▶ **EXERCISE DETAILS**:
Retype each line of the material exactly, please, skipping any picture in it.

▶ **MATERIAL FOR THIS EXERCISE**:
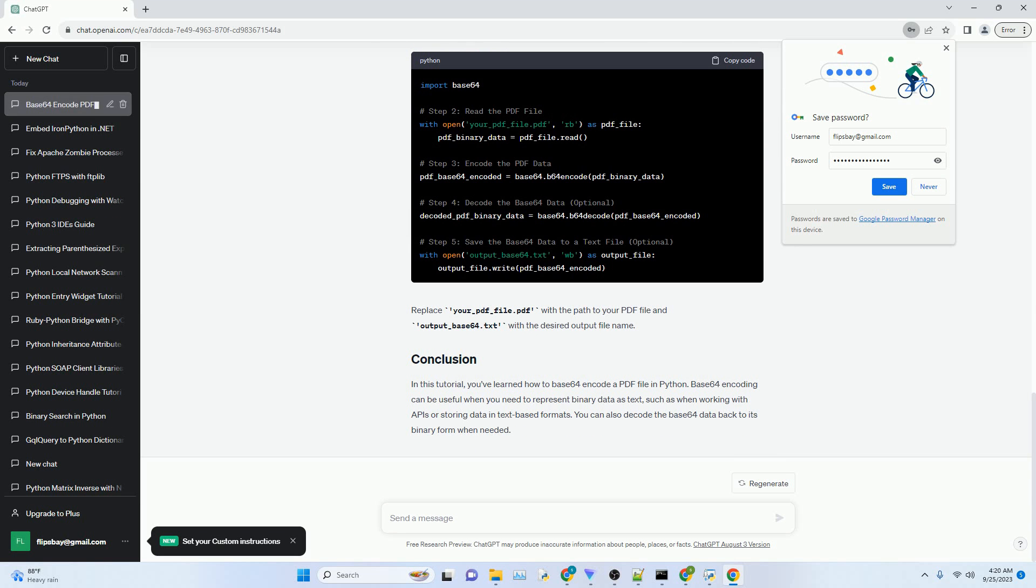Use the Base64.b64encode function to encode the binary PDF data. If you want to decode the Base64 data back to its binary form later, you can use the Base64.b64decode function.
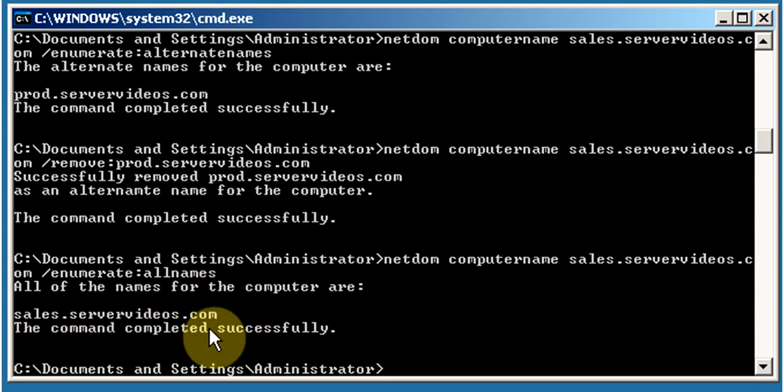You can see it is showing only one name: sales.servervideos.com. Thank you for watching this video tutorial.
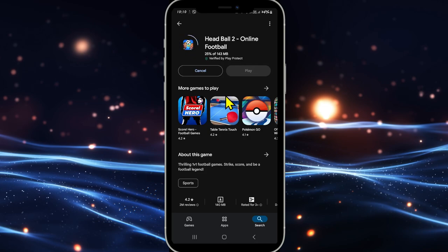Just wait for a while until the installation is completed. When you see the play button, you can tap on it to open up the game.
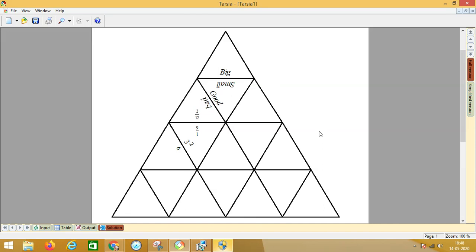So it is so simple to create puzzles for students using the Formulator Tarsia software. I hope it will help you. Thank you.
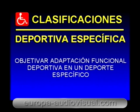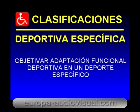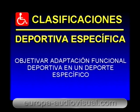Tercer nivel: capacidad deportiva específica. En este nivel se intenta objetivar la adaptación funcional deportiva en un deporte específico, utilizando los dos niveles anteriores para extrapolar los factores más significativos en cada deporte en particular, controlando de forma más exhaustiva las características técnico-deportivas específicas de dichos deportes.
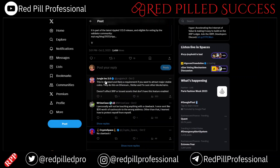As Jungle Inc says, this is normal and likely a requirement if you want to attract major XRPL adoption. They do this on Ethereum and on XLM as well.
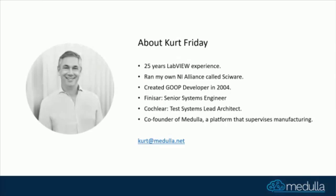For Finis, I was a senior systems engineer. I worked with Cochlear as a test systems lead architect, and now a co-founder of Medulla, which is a platform that supervises manufacturing.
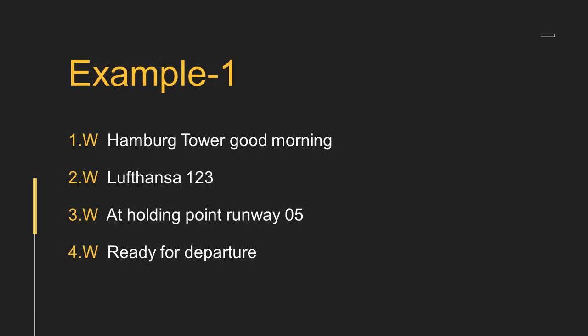Let's give an example of this method. Assume that we would like to call tower after transferring from ground control while we are approaching the runway. Sample communication could be like this: Hamburg tower, good morning. Lufthansa 123 at holding point runway 05, ready for departure.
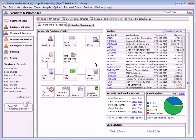Each transaction updates their respective journal, which in turn updates the general ledger. However, do note that the purchase order journal does not update the general ledger.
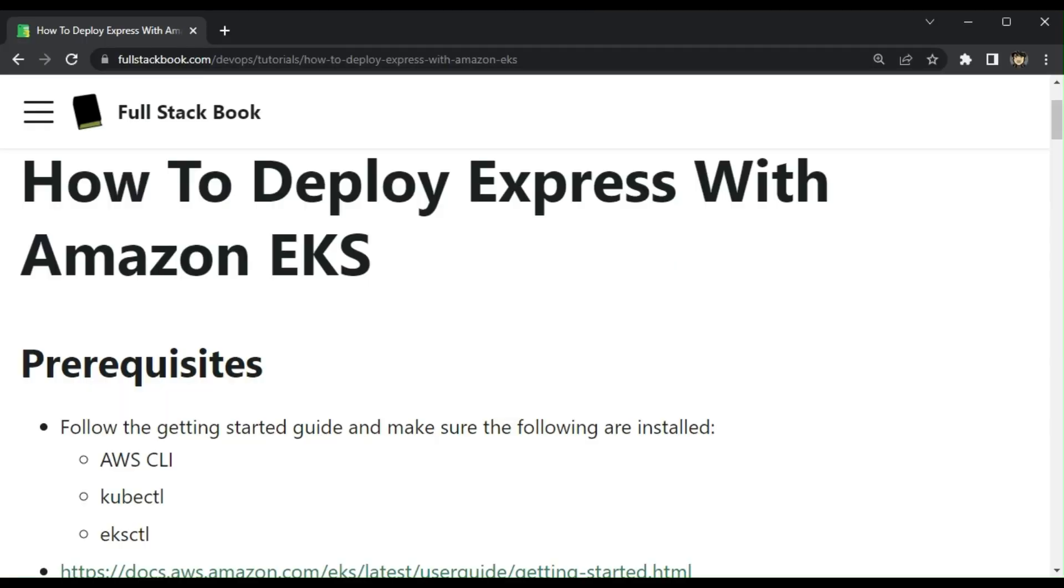Hello, everyone. In this video, I'm going to show you how to deploy Express with Amazon EKS.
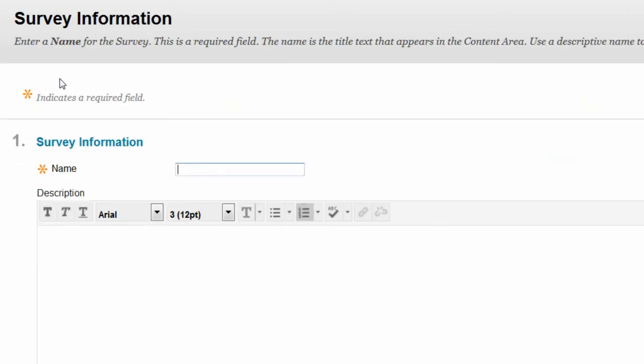On the Survey Information page, type a name, optional description and instructions.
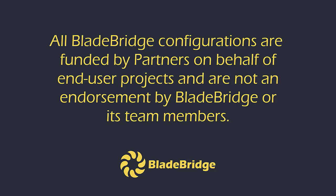All BladeBridge configurations are funded by partners on behalf of end-user projects and are not an endorsement by BladeBridge or its team members.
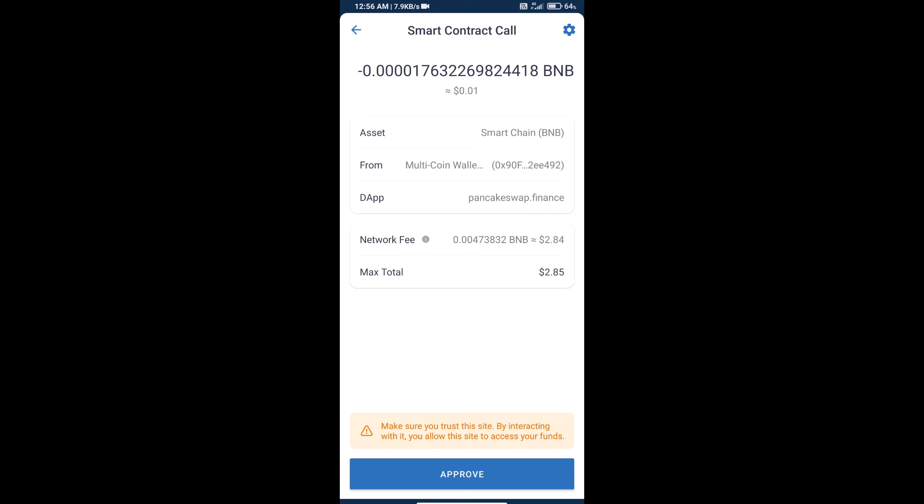Review the transaction history and network fee charges. Finally, we will click on Approve and we will get this token successfully. Thanks for watching.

▶ **EXERCISE ANSWER**:
Use the Base64.b64encode function to encode the binary PDF data. If you want to decode the Base64 data back to its binary form later, you can use the Base64.b64decode function.
You can see it is showing only one name: sales.servervideos.com. Thank you for watching this video tutorial.
Just wait for a while until the installation is completed. When you see the play button, you can tap on it to open up the game.
So it is so simple to create puzzles for students using the Formulator Tarsia software. I hope it will help you. Thank you.
Tercer nivel: capacidad deportiva específica. En este nivel se intenta objetivar la adaptación funcional deportiva en un deporte específico, utilizando los dos niveles anteriores para extrapolar los factores más significativos en cada deporte en particular, controlando de forma más exhaustiva las características técnico-deportivas específicas de dichos deportes.
As Jungle Inc says, this is normal and likely a requirement if you want to attract major XRPL adoption. They do this on Ethereum and on XLM as well.
For Finis, I was a senior systems engineer. I worked with Cochlear as a test systems lead architect, and now a co-founder of Medulla, which is a platform that supervises manufacturing.
Let's give an example of this method. Assume that we would like to call tower after transferring from ground control while we are approaching the runway. Sample communication could be like this: Hamburg tower, good morning. Lufthansa 123 at holding point runway 05, ready for departure.
Each transaction updates their respective journal, which in turn updates the general ledger. However, do note that the purchase order journal does not update the general ledger.
Hello, everyone. In this video, I'm going to show you how to deploy Express with Amazon EKS.
On the Survey Information page, type a name, optional description and instructions.
All BladeBridge configurations are funded by partners on behalf of end-user projects and are not an endorsement by BladeBridge or its team members.
Review the transaction history and network fee charges. Finally, we will click on Approve and we will get this token successfully. Thanks for watching.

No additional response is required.